I think no matter what color is underneath you are going to have a blast on this one. :woohoo:


----------



## oldraceral (Dec 1, 2005)

That is amazing, finding the Camaro with all that paint but no "body work". No telling what you're going to find in boxes of junk.
This morning I went out rummaging and found 10 nearly-new HotWheels for a buck. Brought them home and gave them to my grand-daughter. An hour later and she's still playing quietly with them. Priceless.


----------



## BRPHO (Aug 1, 2006)

Cool stuff you found there!

Hard to believe with all the coats of paint on that camaro that the posts werent broke or the wing window post were not either?
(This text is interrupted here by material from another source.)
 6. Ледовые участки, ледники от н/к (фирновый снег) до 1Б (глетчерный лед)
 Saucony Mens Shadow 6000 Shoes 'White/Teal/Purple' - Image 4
I'm curious what color the body was molded in under those many layers of paint?

Another great find!

Wayne :thumbsup::thumbsup:


----------



## slotcarman12078 (Oct 3, 2008)

Lime green or not it's still a diamond in the rough!!! Nice find!!! :thumbsup:


----------



## resinmonger (Mar 5, 2008)

ParkRNDL said:


> so here are some better pics:
> 
> 
> 
> ...


Leave it as is and ask Bob Zilla for a Ghost Rider driver!


----------



## sethndaddy (Dec 4, 2004)

LMFAO...........Russ, thats funny


----------



## resinmonger (Mar 5, 2008)

*Ghost Rider that Camero*

This is where I was going with the Ghost Rider Camero.










Compare this to an original Bob Zilla Ghost Rider production. 










As you can see, the Camero body already has that exposed to Ghost Rider's flames appearance. Why take a pristine body and give it the burn effect when this one came pre-burned? I'm just saying.

Russ the...I am not Zilla...Hutt :freak::dude:


----------



## SplitPoster (May 16, 2006)

you know, somebody really had to work to get that much paint in that many shades on that car! It's a shame they didn't use watercolors LOL. Maybe that burned out looking shell hides a phoenix, set to rise out of those flames.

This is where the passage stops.